The power generated at generating stations is to be transmitted immediately as there is no provision to store. The transmission network is used to transfer the power. The market model mainly concentrates on controlling the amount of power to be transacted at a particular interval. If the number of participants competes to transact the power, the transmission network is to be shared. The congestion is unavoidable in such circumstances. In bilateral transactions, there should be control over the flow of power in the line. If the power flow is not controllable, the cost of unit energy which they intended to transact will be affected [15].

The transmission line congestion will be obstructing the power transfer which will indirectly affect price of the generating companies [16]. There should be disciplined transactions in the network to eliminate the effect of the congestion on market price. Individually, controlling the power flow is not possible in the deregulated network. There is definitely a need for an ISO to accept bids and settle them based on the transacted power for the particular period of time. The ISO is also responsible for dispatching power from generation to the load in an economic manner based on the bids. The generating companies and load centers will be submitting the bids to the ISO, and ISO decides the price of the energy by taking congestion into account.

2.5 Congestion Management Using D-Fact

The D-Facts act as an impedance controller of the transmission line. The D-Facts are less costly than traditional FACTS controllers. The control of the D-Fact devices is included in the voltage control loop of the power flow solution. The reactance compensated by D-Facts will increase the line power handling capability. If the controller of D-Fact is made to act during congestion, the congestion can be relieved and congestion cost can be eliminated.

2.6 Limitations

The analysis is limited to study the congestion effect on LMP-based profit calculations at both buyer and seller. The cost of ancillary services is not included in the calculation of profit.

3 Results and Discussion

The test systems considered for the analysis are simulated using power world simulator. The generators are considered as sellers, and load is considered as buyers throughout the paper. A three-bus system consisting of two generators at bus 1 and bus 2, and one load at bus 3 is considered for analysis to study the effect of congestion on LMP. Initially, OPF is done on the three-bus system. Bus 1 and bus 2 are identified as sellers. The profit of generator (seller) at bus 1 is monitored by increasing the load at bus 2, and the following conclusions are drawn which are shown in Table 1.

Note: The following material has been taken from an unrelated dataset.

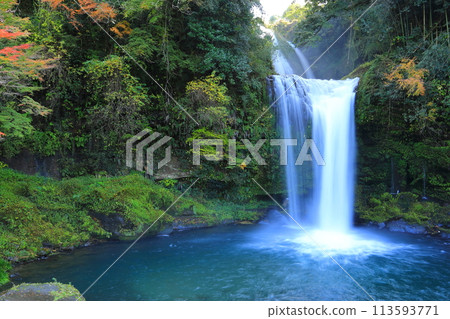 Jion Falls in autumn (Kusu Town and Amanose Town) 113593771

Table 1 LMP and profit for buyer and seller of three-bus system

The load at bus 2 is increased such that transmission line 1–2 is congested up to 80%. It is observed that both sellers are making profits. The LMP at node 2 is 20.00 $/MWh and is shown in Table 1. The LMP is constant at all remaining bus as there is no congestion. The sellers at bus 1 and 2 are making a profit of 2000.6 $/MWh and 800 $/MWh, and no congestion cost is included in LMP.

The load at bus 2 is increased such that transmission line 1–2 is congested up to 100%. It is observed that the seller at node 1 is not making any profit due to congestion, and seller at 2 is making profit. The LMP at node 2 is 29.95 $/MWh as shown in Table 2. The congestion has changed the LMP at all buses. The seller at bus 2 is making a profit of 1795 $/MWh, and congestion cost of 9.95 $/MWh is included in LMP for the seller at bus 2.

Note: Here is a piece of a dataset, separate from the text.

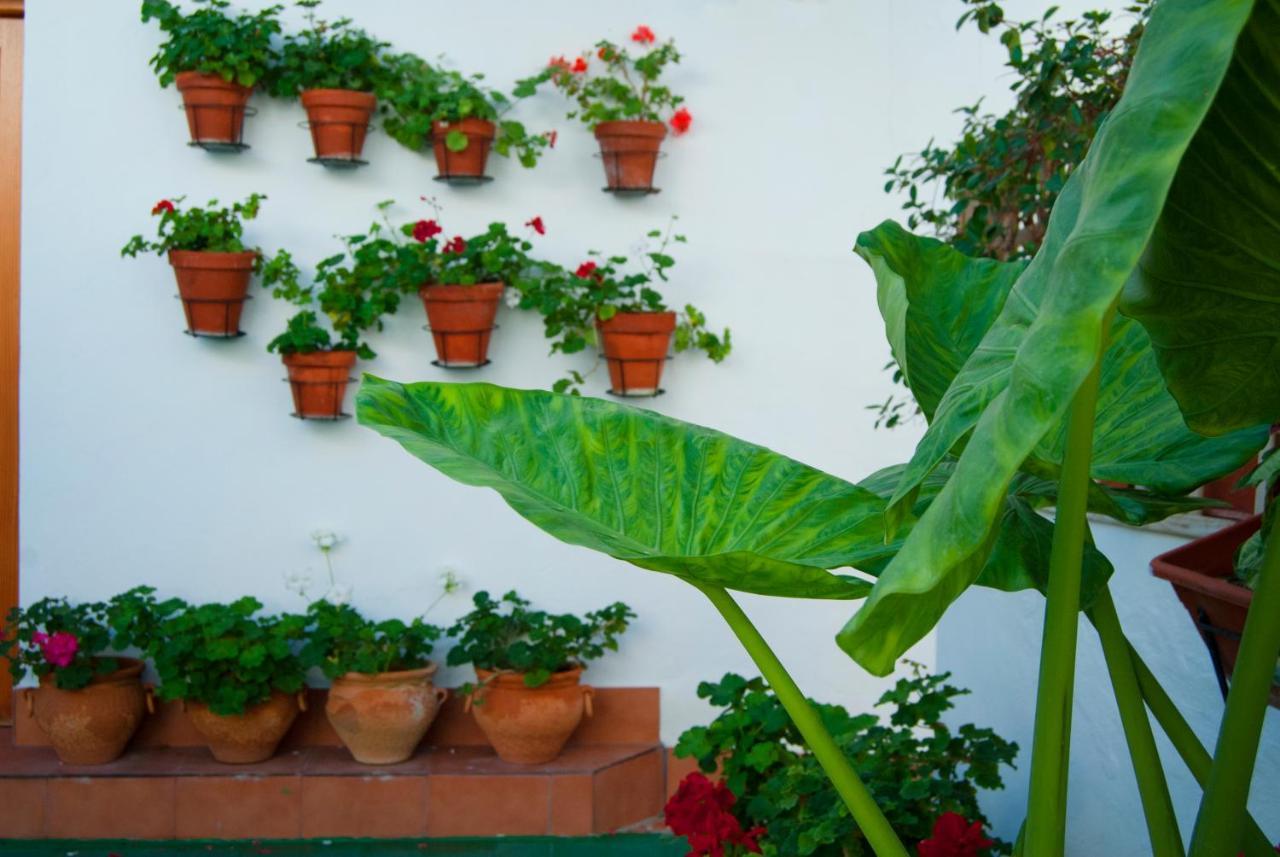Hostal Batato Vejer de la Frontera Eksteriør billede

Table 2 LMP and profit for buyer and seller of three-bus system with congestion

3.1 Analysis with Seven-Bus System

A seven-bus system consisting of four generators is considered for analysis to study the effect of congestion on LMP. Initially, OPF is done on the seven-bus system. The bus 5 is identified as buyer. The profit of generator at bus 2 is monitored by increasing the load at bus 5, and the following conclusions are drawn.

Case 1: Fig. 1 shows power flow from bus 2 to bus 5. Here, the load at bus 5 is increased such that transmission line 2-5 is congested up to 86%. It is observed that both buyer at bus 5 and seller at bus 2 are making profits. The LMP calculated at bus 2 is 9.72 $/MWh as shown in Table 3. This is constant at all remaining node. The seller is making a profit of 102.6 $/MWh, and no congestion cost is included in LMP. The total profit of the sellers in the seven-bus system is 610 $/MW.

Fig. 1
figure 1

Line diagram with power flows in 86% congested line from bus 2 to bus 5 of seven-bus system

Table 3 LMP and profit for buyer and seller when line congested up to 86%

Table 3 shows the LPM at each bus for both buyer and seller, and the profit made when there is no congestion.

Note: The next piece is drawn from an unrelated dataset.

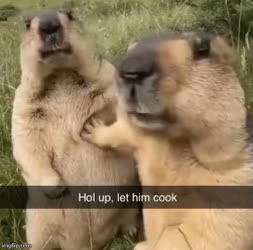 Hol up.jpg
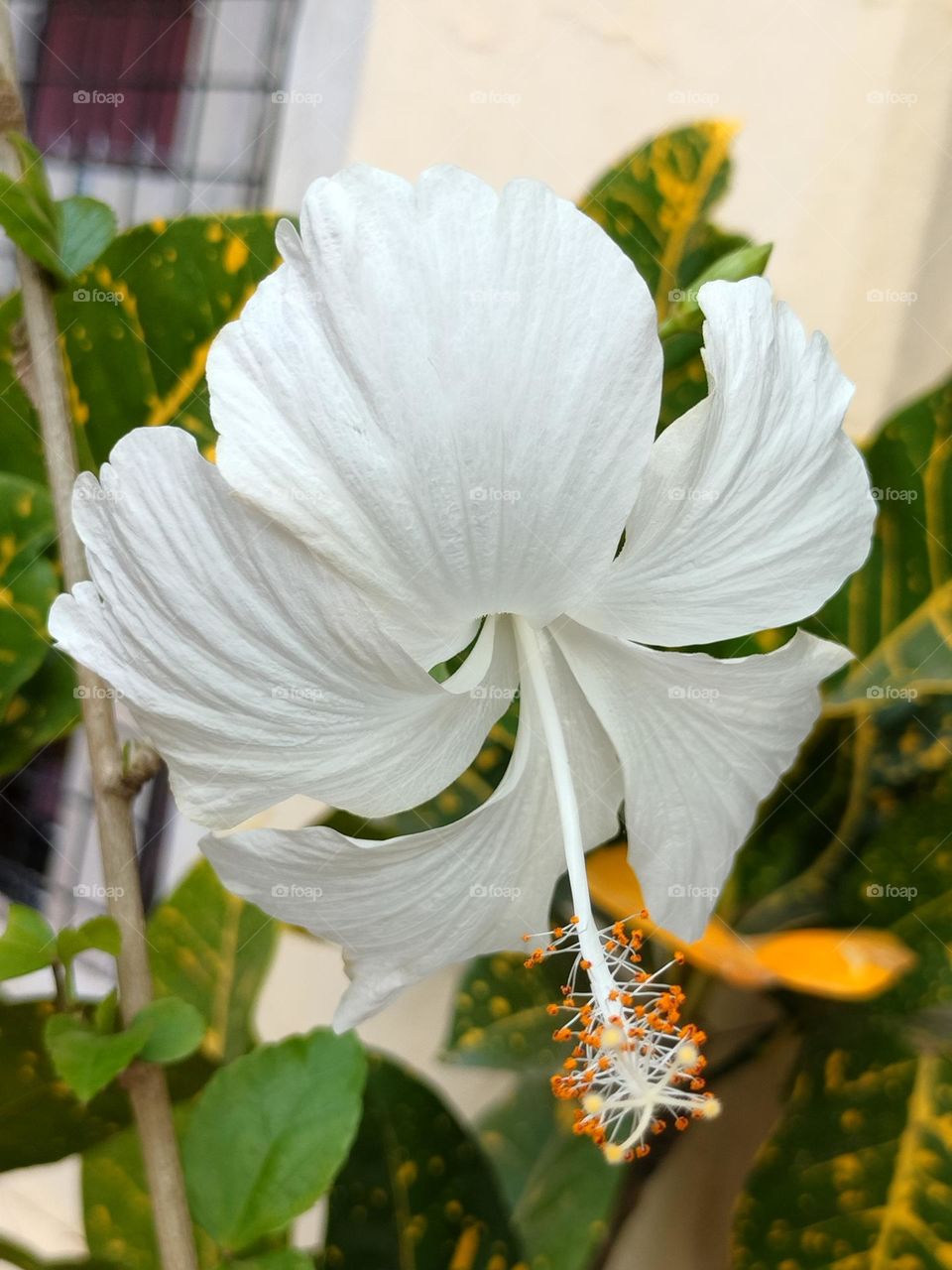 white flower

Case 2: The load at bus 5 is increased such that transmission line 2-5 is congested up to 100%. It is observed that both buyer at bus 5 and seller at bus 3 are making profits. Figure 2 shows power flows from bus 2 to bus 5. The LMP at bus 2 is 9.25 $/MWh. This is not the same at all remaining node as congestion component is included. The seller is making a profit of 0 $/MWh because a congestion cost of 1.92 $/MWh is included in LMP of seller at bus2.

Fig. 2
figure 2

Line diagram with power flows in 100% congested line from bus 2 to bus 5 of seven-bus system

Table 4 shows the LPM calculated at each bus for both buyer and sellers and the profit when there is congestion. It is observed that due to congestion, the LMP at all nodes changed affecting the market share and profits for both buyers and sellers. The profit 102.6 $/MW made by seller 2 when line not congested and is now reduced to zero as shown in Table 4 due to congestion. The following calculation explains why seller at bus 2 is not making any profit. Profit calculations based on Eqs. (1) and (2) for seller at bus 2.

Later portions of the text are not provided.